I absolutely agree with your "reading" of Jim Murray. And my taste agrees with your: this is very balanced, but I prefer more "oomph!" I also am on the same page wishing for more of those bass notes. Do you think it simply is a matter of age? Where do those bass tones come from?

So George T. Stagg is a +15 year old mash bill #1 correct? Is there an aged version of mash bill #2 other then Ancient Ancient Age 10 year old?

6 years ago 0

Victor commented

In addition to the Ancient Age bourbons, Eagle Rare 17 and 10 SB are from Mash Bill # 2, as are Elmer T. Lee, and the various versions of Blanton's.

The bass notes would come from the barrels. My guess is that Buffalo Trace sorts out the various barrels for their characteristics and then vats together barrels to try to continue with their established flavour profiles for the various brands.

Perhaps the stronger wood-flavoured barrels, the ones which can stand on their own, mostly become the Eagle Rare 10 YO barrels, with some qualifying to age to become the Eagle Rare 17 YO. And perhaps the lighter wood-influenced barrels are sorted out for the various Ancient Age and Ancient Ancient Age bourbons.

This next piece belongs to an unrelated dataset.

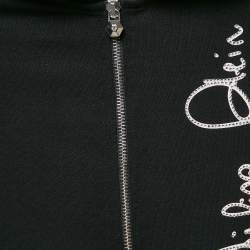 Philipp Plein Junior Kids Black Cotton Rhinestone Jacket 10-11 Yrs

The wood flavours of the Ancient Ancient Age 10 Years Old are also pretty mild compared to many other bourbons, though a bit stronger than in the 10 Star. 10 years is enough time for enormous wood influence in bourbon, so these must be chosen characteristics, and most likely heavily influenced by such factors as warehouse location climate characteristics and degree of barrel charring.

6 years ago 0

JeffC commented

Given the price for this, it is a true bargain and (to quote the terms of a thread) one of my favorite simple drams. Although only subject to very limited geographical distribution, I read recently that the 10 year old is being discontinued so let's hope that the 10 star stays around.

6 years ago 0

Victor commented

Whoa, Jeff! If the AAA 10 YO is going to be discontinued I better start talking to my Kentucky sources for one or two more of those 1.75 L handles. 10 Star is a lot of fun, though, and very inexpensive in the US. Yes, AAA 10 Star is a good candidate for a "favourite simple dram".